El 10 de noviembre de 1955 escribe proféticamente, al referirse a las persecuciones comunistas y al triunfo final de la Iglesia y de la civilización cristiana: “Presenciamos la mayor persecución contra la Iglesia que jamás haya habido. Tenemos el derecho de concluir, por tanto, que sobrevendrá el mayor triunfo de la Iglesia en toda su historia”. El 3 de octubre de 1956 añade en el mismo sentido:
Estoy vivamente confortado por el hecho de que la devoción a la Santísima Virgen María, que posee hondas raíces en nuestro pueblo, crece en la medida en que se acentúa la persecución del comunismo satánico”.
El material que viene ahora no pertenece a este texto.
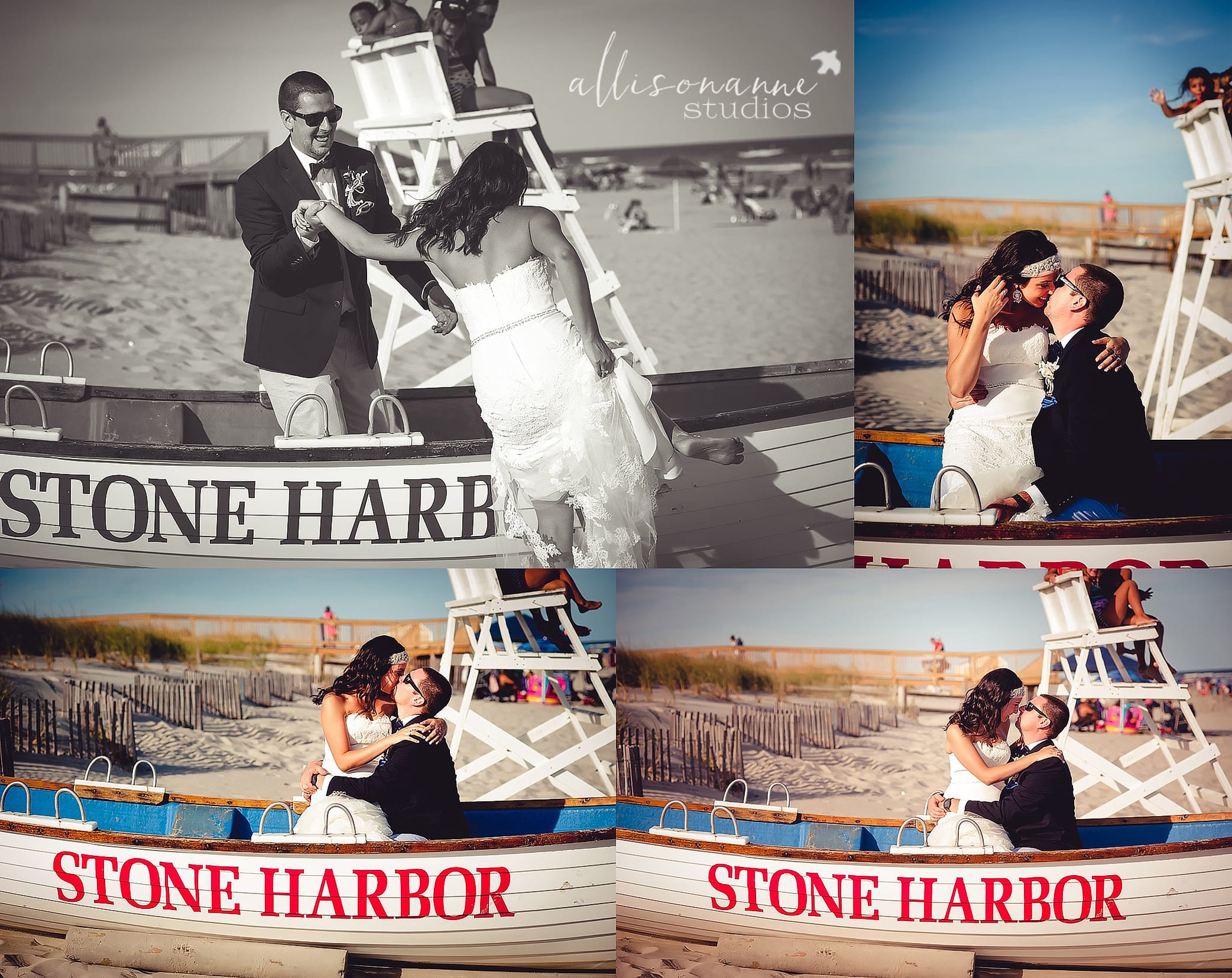 Best wedding Photographer South Jersey, bridal headband, beach wedding, Jersey Shore, Stone Harbor, 80 South Productions, AllisonAnne Studios, lovebirds, Hammonton, Allison Gallagher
En mayo de 1959, pocos meses antes de su muerte, el Cardenal Stepinac corona en su prisión domiciliaria una imagen de la Virgen de Fátima que le es enviada por S.S. Pio XII. La escena resulta altamente simbólica, pues el santo Cardenal tiene la certeza del aplastamiento final del “comunismo satánico” y de que sobrevendrá una esplendorosa “era marial”: “Aquello que rezamos y proclamamos sobre la Madre de Dios –‘Tú sola aplastaste todas las herejías en el universo entero’– será nuevamente una realidad, en su pleno esplendor” (carta del 27 de septiembre de 1958).

Pudieron matarlo un 10 de febrero de 1960, pero no pudieron doblegarlo ni callarlo. Antes de morir declaró:
“Al pueblo Croata en cuyo seno nací, he tratado de serle útil hasta donde me fue posible y ahora, en la hora de mi muerte, cuando las cosas se ven de un modo diferente que en otros momentos, le encomiendo encarecidamente que permanezca siempre firme a su Santa fe católica y fiel a la Sede Apostólica de Pedro”.
Sus restos descansan, ahora en su patria, Croacia, en la Catedral de Zagreb a la que nunca pudo ingresar como cardenal, con un epitafio que reproduce sus propias palabras:


“ODIAR LA INJUSTICIA Y AMAR LA JUSTICA, ESTO HA SIDO MI REGLA”.